Sainte Teresa

Sainte Teresa de Calcutta
Mère Teresa  est désormais entrée dans le cercle prestigieux des Saints. Ainsi en a décidé un tribunal religieux romain. Au cours des siècles, quelque dix mille hommes et femmes ont ainsi été jugés dignes de ce statut. Le gouvernement céleste devra donc procéder à un petit remaniement pour faire place à la nouvelle entrante : une sainte qui sera priée par les abandonnés de la terre. Car elle, la mère des délaissés de Calcutta, devrait comprendre leur désespoir. Pauvre Mère Teresa qui ne connaîtra pas le repos, la détresse humaine continuant à la solliciter même après sa mort. Pas facile d’assumer le statut de Sainte.

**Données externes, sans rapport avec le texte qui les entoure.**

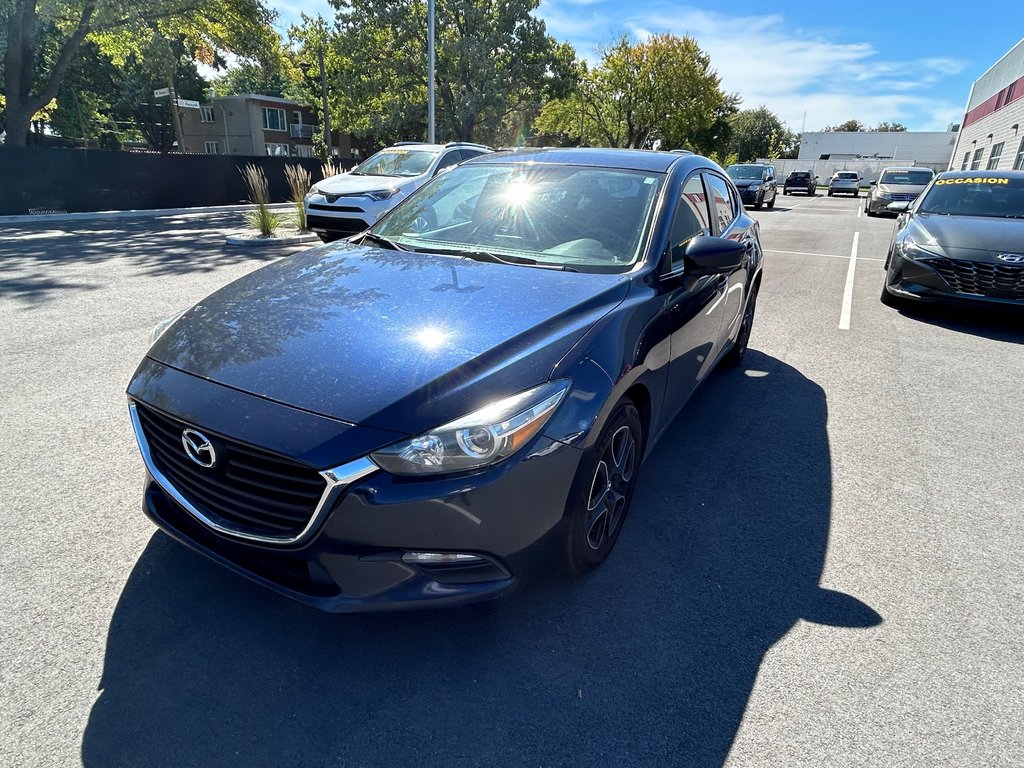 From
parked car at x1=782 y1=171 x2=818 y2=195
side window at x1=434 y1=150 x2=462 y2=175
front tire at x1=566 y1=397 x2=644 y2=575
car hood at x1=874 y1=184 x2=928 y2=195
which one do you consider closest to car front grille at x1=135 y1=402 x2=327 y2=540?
front tire at x1=566 y1=397 x2=644 y2=575

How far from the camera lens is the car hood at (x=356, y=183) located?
10.7 meters

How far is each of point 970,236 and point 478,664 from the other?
738 cm

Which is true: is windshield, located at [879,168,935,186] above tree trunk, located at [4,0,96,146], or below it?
below

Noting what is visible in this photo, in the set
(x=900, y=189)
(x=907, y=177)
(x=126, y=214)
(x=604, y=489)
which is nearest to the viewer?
(x=604, y=489)

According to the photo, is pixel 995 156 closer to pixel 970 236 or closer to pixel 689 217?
pixel 970 236

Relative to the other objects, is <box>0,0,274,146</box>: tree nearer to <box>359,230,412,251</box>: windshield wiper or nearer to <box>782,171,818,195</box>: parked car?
Answer: <box>359,230,412,251</box>: windshield wiper

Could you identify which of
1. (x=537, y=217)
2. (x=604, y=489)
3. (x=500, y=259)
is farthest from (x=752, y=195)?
(x=604, y=489)

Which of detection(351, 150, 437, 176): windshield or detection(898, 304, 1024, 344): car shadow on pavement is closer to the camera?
detection(898, 304, 1024, 344): car shadow on pavement

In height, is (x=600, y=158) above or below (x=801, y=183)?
below

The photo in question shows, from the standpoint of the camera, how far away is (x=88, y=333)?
550cm

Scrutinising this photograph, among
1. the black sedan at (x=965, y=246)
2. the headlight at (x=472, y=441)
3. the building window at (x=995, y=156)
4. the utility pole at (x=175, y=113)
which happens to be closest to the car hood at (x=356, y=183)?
the black sedan at (x=965, y=246)

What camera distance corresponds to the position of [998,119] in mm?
33969

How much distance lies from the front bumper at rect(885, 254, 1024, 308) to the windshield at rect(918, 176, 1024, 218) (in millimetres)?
1569

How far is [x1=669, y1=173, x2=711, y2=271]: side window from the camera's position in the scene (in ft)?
10.1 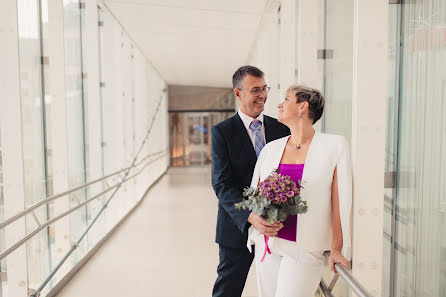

Mère Teresa a suscité l’admiration, mais a eu aussi ses détracteurs. Selon eux, elle aurait dû apporter des soins médicaux plutôt qu’accompagner les derniers instants des mourants dans les rues : point de vue d’occidentaux… La vraie part d’ombre de cette petite femme est ailleurs.
Elle qui disait avoir reçu un appel clair à servir les plus méprisés, a connu par la suite le désespoir face au silence de Dieu. Pour elle, faire sienne la souffrance des plus petits était le chemin d’accès à Dieu. Partager l’agonie de chaque mourant, c’était revivre l’agonie du Christ. Jusqu’à ne plus distinguer la résurrection. La noirceur du quotidien avait éteint l’espérance. Sainte Teresa de Calcutta, rongée par cette nuit intérieure, ne sera pas d’un grand secours aux désespérés de la terre. Pas plus que les autres Saints du calendrier.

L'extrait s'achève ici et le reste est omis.